The Trump administration has set November 4 as deadline for allies in Europe and Asia to halt buying the Iranian oil.
President Donald Trump in May walked away from the 2015 nuclear deal between Iran and world powers over claims that the Obama era deal was ‘defective’. The US leader vowed to re-impose economic sanctions.
In its attempt to tighten the noose on Tehran, the United States is working with other Middle East countries to increase production so the global oil supply is not harmed, the US official also told reporters.
Iran and other signatories of the deal, namely France, United Kingdom, Germany, China and Russia have been trying to salvage the pact castigated by the Trump administration and Israel.
Effects of the US withdrawal have begun weighing on Iran’s economy and currency. The Iranian Rial fell lower against the dollar, prompting protests in capital Teheran.
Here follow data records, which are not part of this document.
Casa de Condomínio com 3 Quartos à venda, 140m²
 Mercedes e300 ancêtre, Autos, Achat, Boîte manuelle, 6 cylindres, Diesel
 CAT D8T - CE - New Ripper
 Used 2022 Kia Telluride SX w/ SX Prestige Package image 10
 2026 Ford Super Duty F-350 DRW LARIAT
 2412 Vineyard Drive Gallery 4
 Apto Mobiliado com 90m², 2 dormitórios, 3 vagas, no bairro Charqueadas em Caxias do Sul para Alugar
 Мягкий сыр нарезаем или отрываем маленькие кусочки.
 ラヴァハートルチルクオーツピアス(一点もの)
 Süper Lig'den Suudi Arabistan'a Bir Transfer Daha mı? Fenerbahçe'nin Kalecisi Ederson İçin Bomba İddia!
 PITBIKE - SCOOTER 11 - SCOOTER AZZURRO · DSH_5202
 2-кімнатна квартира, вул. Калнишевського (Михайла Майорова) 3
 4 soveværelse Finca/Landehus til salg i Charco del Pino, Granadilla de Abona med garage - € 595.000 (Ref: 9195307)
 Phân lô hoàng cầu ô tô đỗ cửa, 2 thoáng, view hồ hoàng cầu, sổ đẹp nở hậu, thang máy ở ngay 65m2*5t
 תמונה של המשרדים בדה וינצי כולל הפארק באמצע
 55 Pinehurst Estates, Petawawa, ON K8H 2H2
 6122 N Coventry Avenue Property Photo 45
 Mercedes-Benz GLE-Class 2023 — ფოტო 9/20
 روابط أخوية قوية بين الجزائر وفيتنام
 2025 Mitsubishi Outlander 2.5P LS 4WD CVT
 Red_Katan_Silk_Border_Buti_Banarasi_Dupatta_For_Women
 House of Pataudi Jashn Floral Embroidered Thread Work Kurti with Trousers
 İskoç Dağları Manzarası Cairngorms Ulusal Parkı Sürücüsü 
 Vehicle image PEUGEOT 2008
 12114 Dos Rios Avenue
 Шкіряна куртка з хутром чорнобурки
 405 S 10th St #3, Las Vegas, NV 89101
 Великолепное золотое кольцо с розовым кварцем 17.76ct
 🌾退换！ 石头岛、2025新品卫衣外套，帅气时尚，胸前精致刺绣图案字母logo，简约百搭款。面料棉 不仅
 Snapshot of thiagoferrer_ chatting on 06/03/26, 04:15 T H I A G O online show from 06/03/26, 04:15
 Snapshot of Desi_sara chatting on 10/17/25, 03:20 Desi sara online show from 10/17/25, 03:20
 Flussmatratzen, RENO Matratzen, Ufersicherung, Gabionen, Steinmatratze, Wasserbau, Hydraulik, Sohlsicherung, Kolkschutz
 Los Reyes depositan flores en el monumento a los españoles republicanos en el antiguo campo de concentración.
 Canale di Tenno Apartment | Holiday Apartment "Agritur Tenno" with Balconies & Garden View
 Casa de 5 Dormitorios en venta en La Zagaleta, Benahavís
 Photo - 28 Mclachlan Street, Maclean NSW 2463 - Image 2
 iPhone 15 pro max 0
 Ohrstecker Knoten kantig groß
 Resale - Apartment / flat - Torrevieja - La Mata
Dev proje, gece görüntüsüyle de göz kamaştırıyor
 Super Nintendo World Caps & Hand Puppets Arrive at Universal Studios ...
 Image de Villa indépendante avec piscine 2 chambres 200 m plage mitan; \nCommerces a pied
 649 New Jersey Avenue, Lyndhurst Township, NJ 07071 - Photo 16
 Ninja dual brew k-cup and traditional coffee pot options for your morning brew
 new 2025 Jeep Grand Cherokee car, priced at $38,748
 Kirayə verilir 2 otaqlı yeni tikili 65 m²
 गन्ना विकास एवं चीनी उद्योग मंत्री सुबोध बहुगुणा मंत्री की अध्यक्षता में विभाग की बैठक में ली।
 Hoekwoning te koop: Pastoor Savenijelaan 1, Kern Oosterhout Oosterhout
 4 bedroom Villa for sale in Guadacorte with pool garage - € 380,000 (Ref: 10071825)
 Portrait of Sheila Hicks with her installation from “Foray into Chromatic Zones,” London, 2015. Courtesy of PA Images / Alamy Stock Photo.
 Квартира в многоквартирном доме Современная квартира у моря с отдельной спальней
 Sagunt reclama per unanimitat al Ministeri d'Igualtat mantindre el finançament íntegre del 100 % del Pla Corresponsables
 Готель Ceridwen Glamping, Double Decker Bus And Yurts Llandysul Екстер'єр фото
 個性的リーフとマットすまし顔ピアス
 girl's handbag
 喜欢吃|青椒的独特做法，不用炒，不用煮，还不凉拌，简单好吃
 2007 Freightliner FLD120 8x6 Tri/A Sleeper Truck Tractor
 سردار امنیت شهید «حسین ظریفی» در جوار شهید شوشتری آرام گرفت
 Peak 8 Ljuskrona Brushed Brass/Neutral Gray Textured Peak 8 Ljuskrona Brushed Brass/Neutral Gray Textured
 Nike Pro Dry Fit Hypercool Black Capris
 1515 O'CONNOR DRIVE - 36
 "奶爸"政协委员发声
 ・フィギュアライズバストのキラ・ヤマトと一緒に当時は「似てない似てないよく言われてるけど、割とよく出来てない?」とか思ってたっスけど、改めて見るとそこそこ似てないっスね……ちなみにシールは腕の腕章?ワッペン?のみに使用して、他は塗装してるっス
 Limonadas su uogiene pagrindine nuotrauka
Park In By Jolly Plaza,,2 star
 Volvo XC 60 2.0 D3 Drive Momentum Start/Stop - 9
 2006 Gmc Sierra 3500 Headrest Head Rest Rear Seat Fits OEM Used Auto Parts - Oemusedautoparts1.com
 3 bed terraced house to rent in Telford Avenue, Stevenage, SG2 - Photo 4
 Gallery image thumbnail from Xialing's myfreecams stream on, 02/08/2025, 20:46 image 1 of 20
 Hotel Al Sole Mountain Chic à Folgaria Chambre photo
Protesters took to the street in the capital’s Grand Bazaar on Monday for the second day over the sharp fall in the value of the national currency. The demonstrators Sunday marched towards the parliament that was forced to shut down.
President Hassan Rouhani in a televised address vowed the Islamic Republic will withstand the economic pressure and denounced the US-driven anti-Tehran campaign.
“Even in the worst case, I promise that the basic needs of Iranians will be provided. We have enough sugar, wheat, and cooking oil. We have enough foreign currency to inject into the market,” he said.
“Withdrawal was the worst decision he (Trump) could make. It was appalling. It hurt America’s global reputation,” he added.